## Work instruction
Instruction for the entries below: return the part that opens with the line containing "4th image of 3331 W Berteau Ave APT 1A" and closes with the line containing "Uniqlo ultra stretch ankle pant small size", exactly, and no pictures.

## Supplied data

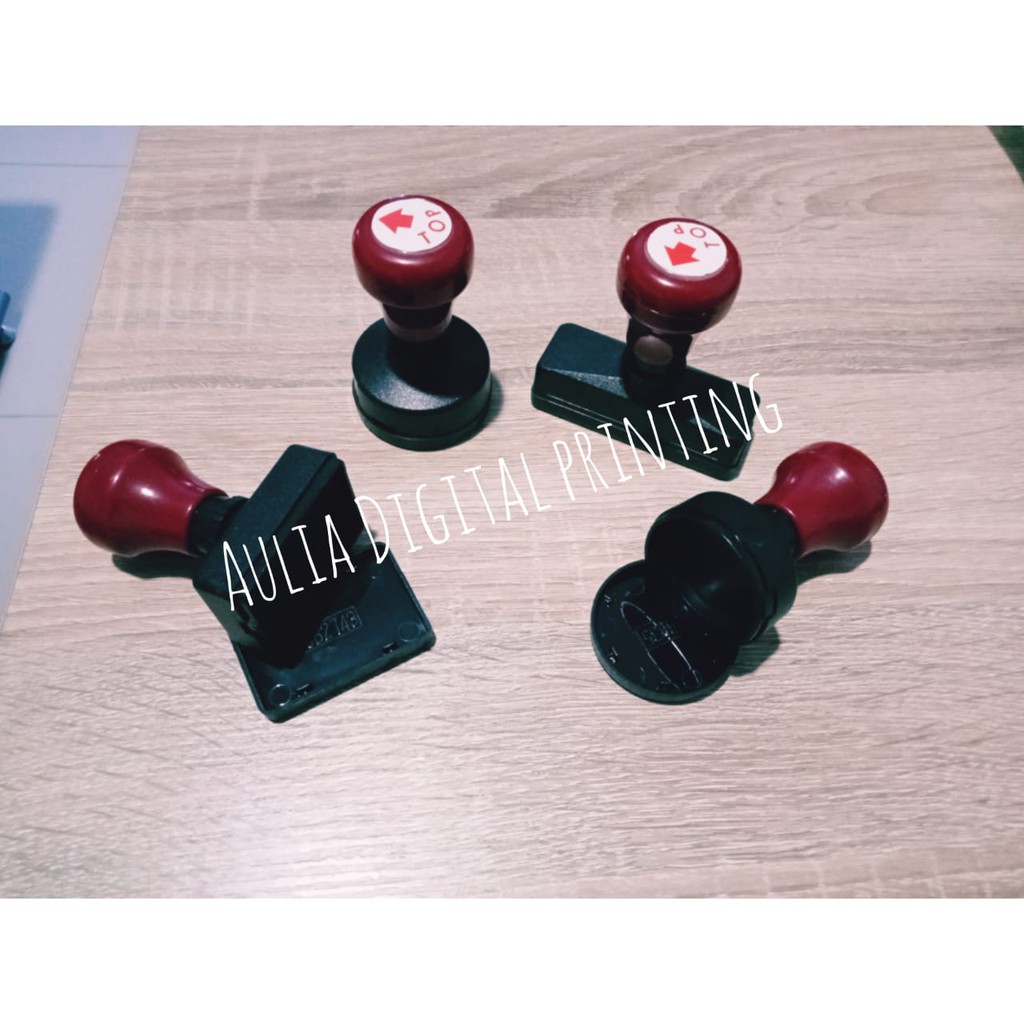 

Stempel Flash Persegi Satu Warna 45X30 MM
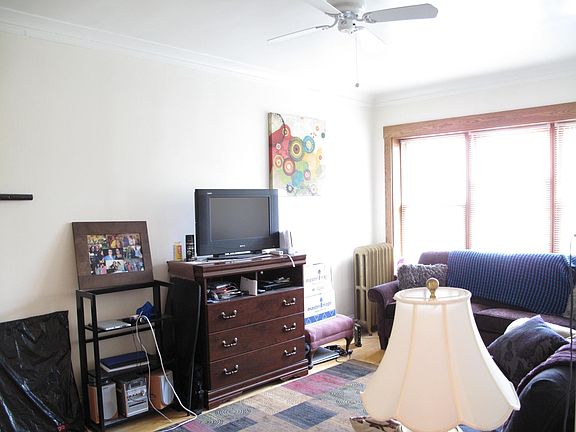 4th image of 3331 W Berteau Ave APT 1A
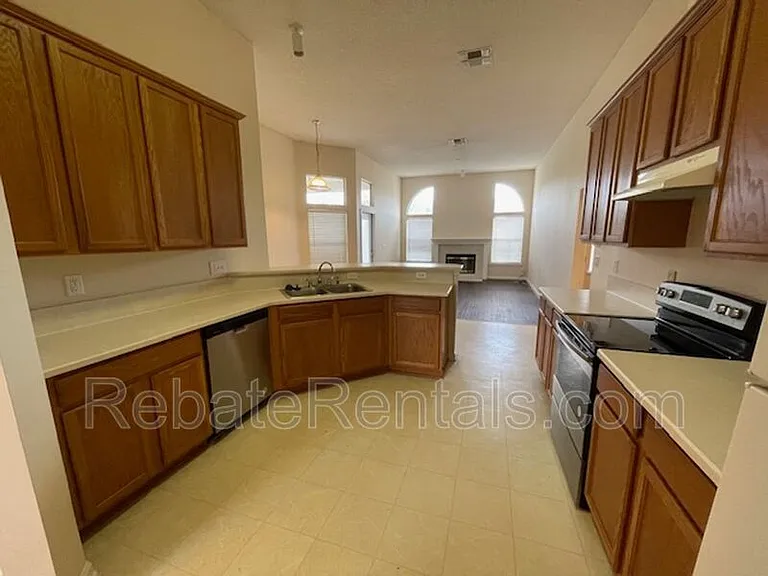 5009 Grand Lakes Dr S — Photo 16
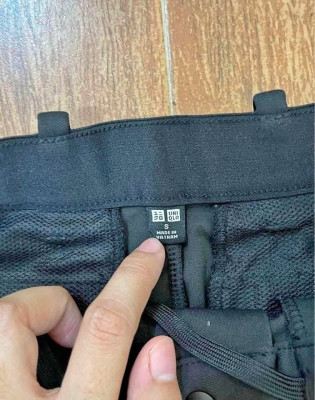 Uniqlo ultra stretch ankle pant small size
--
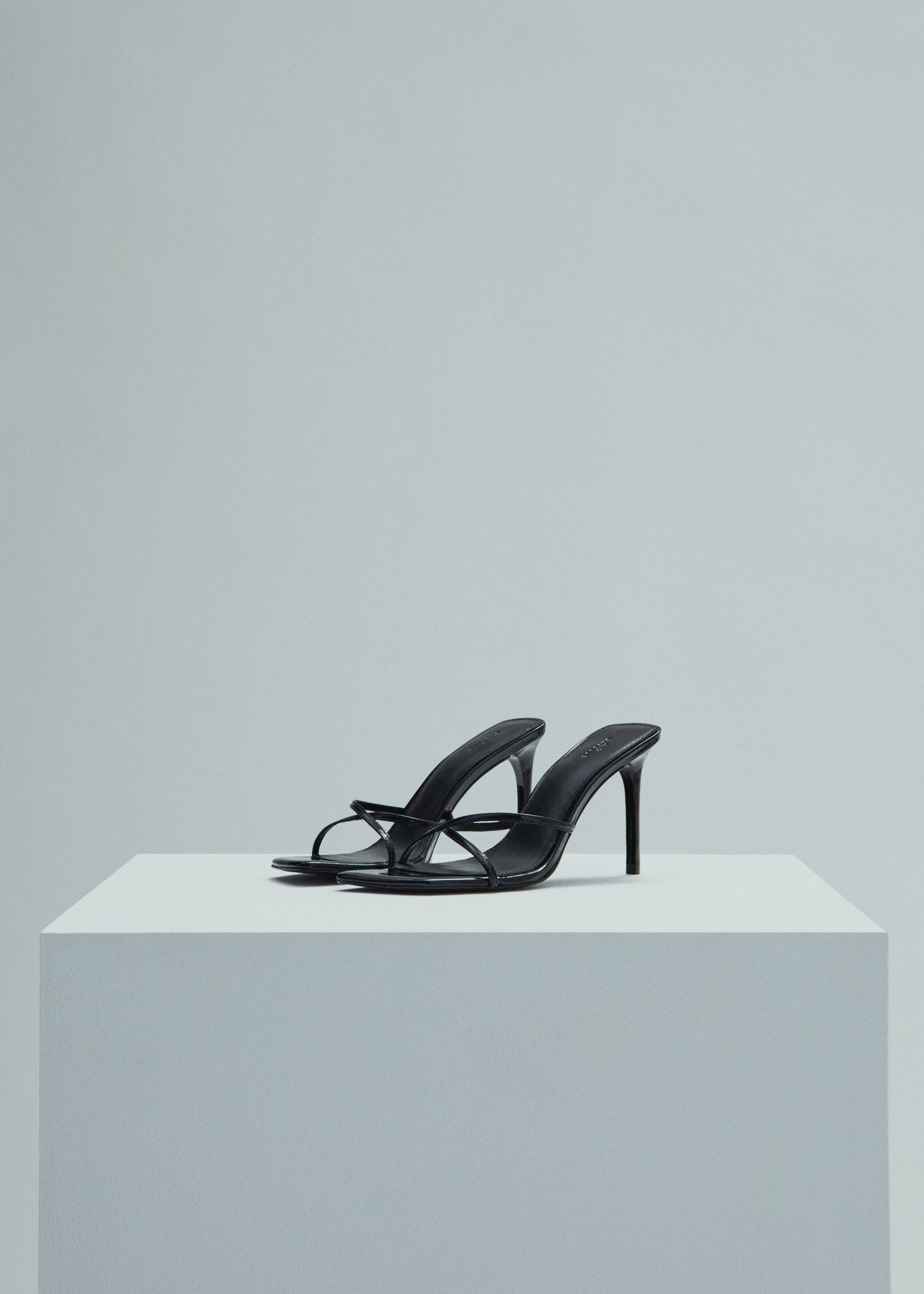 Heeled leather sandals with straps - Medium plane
* * *
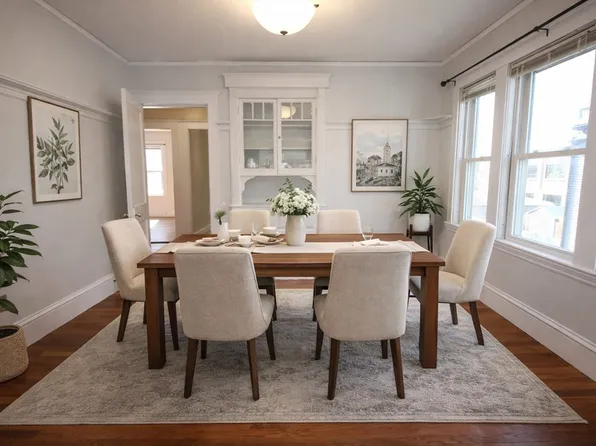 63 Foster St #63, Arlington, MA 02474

## Answer for the task
 4th image of 3331 W Berteau Ave APT 1A
 5009 Grand Lakes Dr S — Photo 16
 Uniqlo ultra stretch ankle pant small size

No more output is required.